Oren Cass Notices One of Industrial Policy’s Fatal Flaws
One prominent advocate of giving politicians more control over the economy seems to have realized one of the idea’s fatal flaws.
All the politics.
In a nutshell, that’s the complaint lodged by American Compass executive director and industrial policy superfan Oren Cass last week at a conference hosted by the Information Technology & Innovation Foundation. If only progressives would be willing to drop their own political goals, Cass argued, there could be bipartisan agreement about what’s necessary to advance the “national good.”
Cass was responding to a question from Wall Street Journal economic writer Greg Ip about the Biden administration’s decision to mandate that semiconductor companies receiving subsidies through the CHIPS and Science Act to expand domestic manufacturing production must provide child care to construction workers and permanent employees. Cass called it “extraordinarily disappointing” to see a Democratic administration attaching Democratic goals to the CHIPS Act, which American Compass had cheered as it moved through Congress.

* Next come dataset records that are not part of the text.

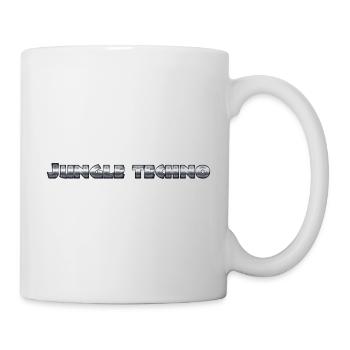 Lebendiger Dschungel-Techno-Druck - Tasse - Weiß - Rechts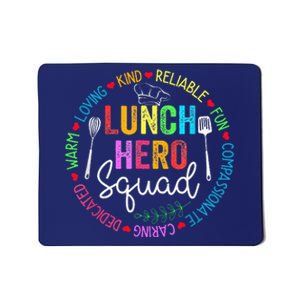 Lunch Hero Squad Funny Lunch Lady School Cafeteria Worker Mousepad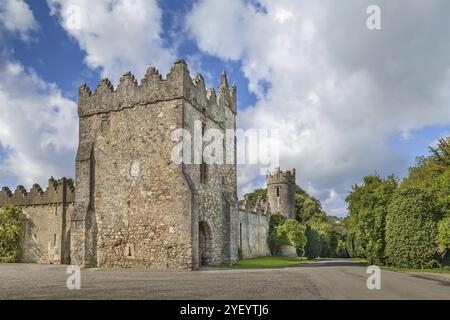 Howth Castle hat seine Ursprünge im Mittelalter, Irland, Europa Stockfoto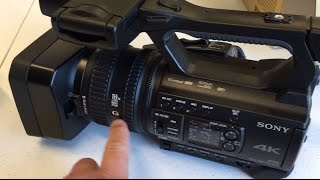 Sony PXWZ150 Unboxing [upl. by Atir]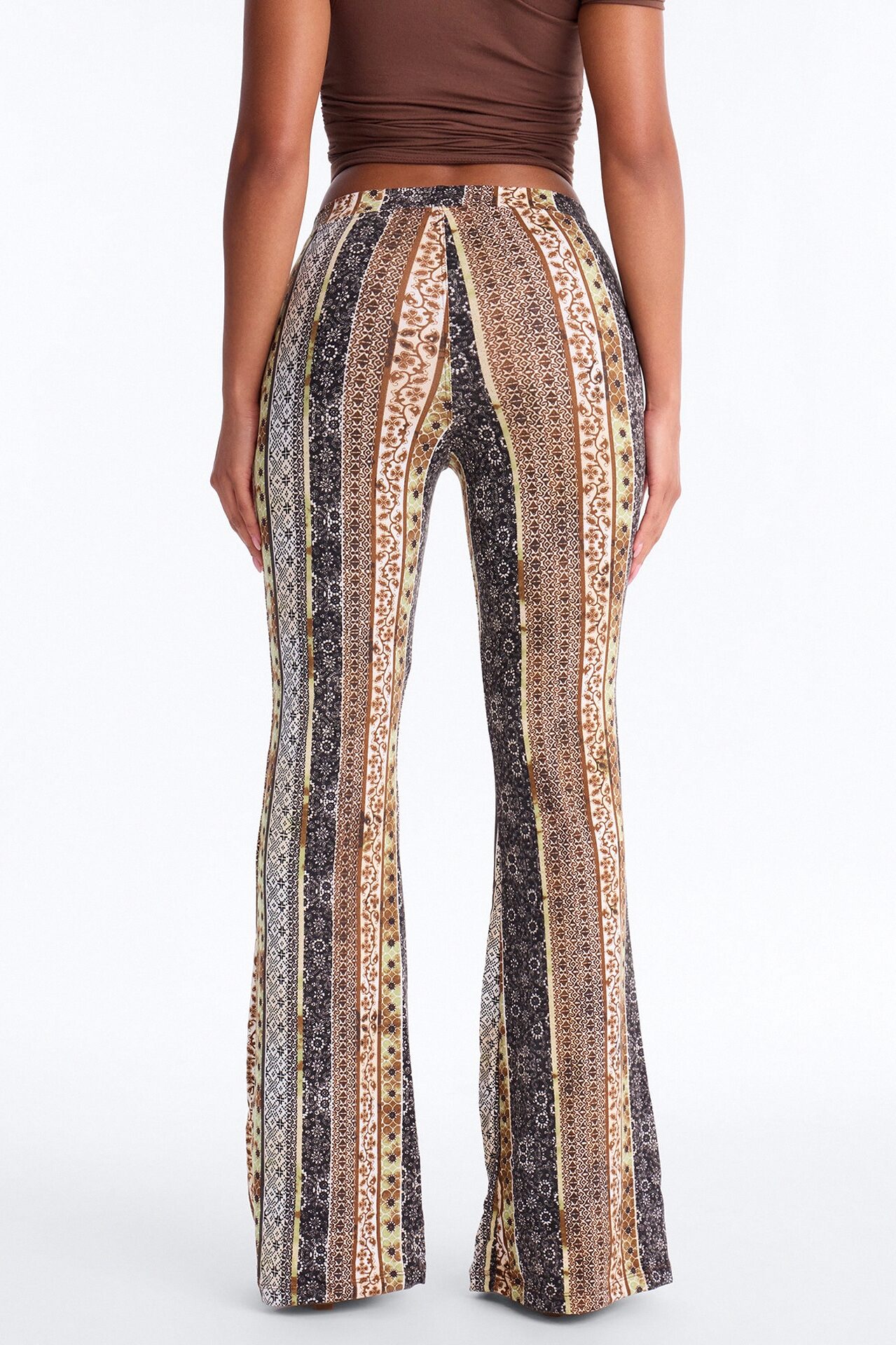 Adria Flare Pant - Green/combo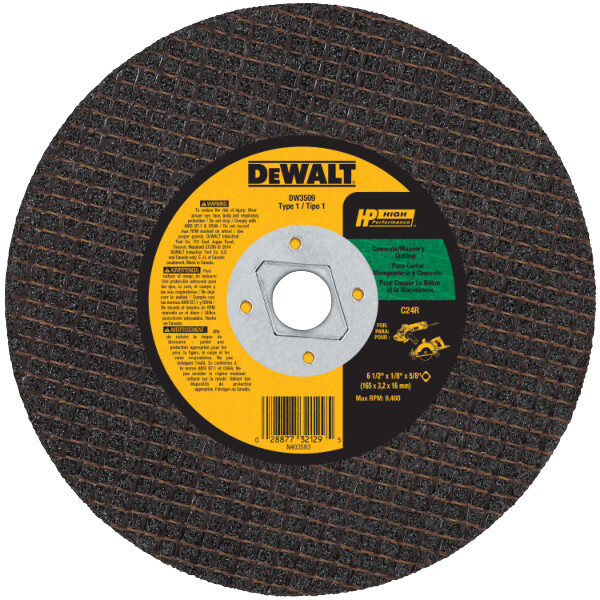 DEWALT 6-1/2-Inch X 1/8-Inch X 5/8-Inch Diamond Drive Masonry Cutting Wheel, 25-Pack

“This is the political obstacle right now to continuing to make progress in this direction,” Cass said, referring to Democrats’ eagerness to lard up industrial policy bills with seemingly unrelated issues. That includes not only the child care mandate but a ban on stock buy-backs, a requirement that union-approved “prevailing wages” are paid on CHIPS-funded construction projects, and more. Some of that was in the text of the bill when it passed—with the support of 17 Republican senators—and some of it, most notably the child care mandate, has been created by the Biden administration as it rolls out the specifics of the subsidy program.
That has poisoned the well for future bipartisan industrial policy deals, Cass argued. “If you are ever going to have a bipartisan consensus on making these kinds of investments, you have to be willing to take the social priorities on which there is no bipartisan agreement and put them to the side for the sake of the national good,” he said.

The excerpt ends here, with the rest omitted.